“がん”の本質について パート3(2020年12月6日のtwitterより転載)

がんの代謝の話をもう少し続けましょう。実際にワールブルグが半世紀以上も前に指摘した通り、がん細胞は解糖系優位で糖(グルコース)の取り込みが亢進しているのですが、実はがん細胞は糖だけをエネルギー(=ATP)源として使用しているわけではありません。むしろ、エネルギー源として糖を発酵(Fermentation)するのではあまりに効率が悪い。ではがん細胞の中に取り込まれた糖はどうなっているかというと、実は色々な物質に変換されてがん細胞が効率よく増殖するために使用されており、エネルギー源は別の物質から得ていることもわかってきました。
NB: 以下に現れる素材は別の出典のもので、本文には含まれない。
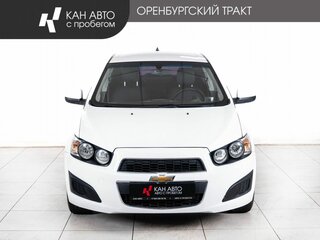2013 Chevrolet Aveo II, белый, 630000 рублей, вид 2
例えば条件によっては、がん細胞は糖よりむしろグルタミンをエネルギー源として使用している(glutaminolysis)ことが示されています(Cancer Cell. 2010; 14: 199–200)。また、脂肪酸のβ酸化(FAO)によるATP合成も盛んに行われていることが示されています(Cancer Letters. 2018; 435: 92-100)。そして、がん細胞では糖を別の物質に変換する経路が亢進しています。例えば、ペントースリン酸経路(PPP)が活性化されており、NADPH産生や核酸合成が亢進しています。これにより薬剤や放射線治療に抵抗性を持ち、かつ効率的に増殖することができます(Trends Biochem Sci. 2014; 39(8): 347–354)。

また、多くのがん細胞では、糖(他にもアミノ酸や酢酸)からアセチルCoA→脂肪酸合成という経路で脂肪酸がde novo合成されており、これが増殖のために使用されたり、がん細胞自身のエネルギー源として使用(β酸化)されたりしています(British Journal of Cancer. 2019; 120: 1090–1098)。さらに、がん細胞では正常細胞より脂肪酸の取り込みや脂肪酸合成が亢進しており、脂肪酸をよりエネルギー源として使用していることが多くの論文より示唆されています(Nat Rev Cancer. 2013; 13: 227–232)。そして実際に、例えばがん細胞でその発現が亢進している脂肪酸合成酵素(FASN)などをターゲットにした抗がん治療が有効であることも様々な論文により示唆されています(J Cancer Prev. 2016; 21: 209–215)。

以上のことから、当院ではがん細胞は”糖中毒”というよりもむしろ、”脂肪中毒”というべきではないかと考えており、特にがん細胞における脂肪酸のde novo合成を抑えることによってがん細胞の進展を抑えることができるのではないかと考えています。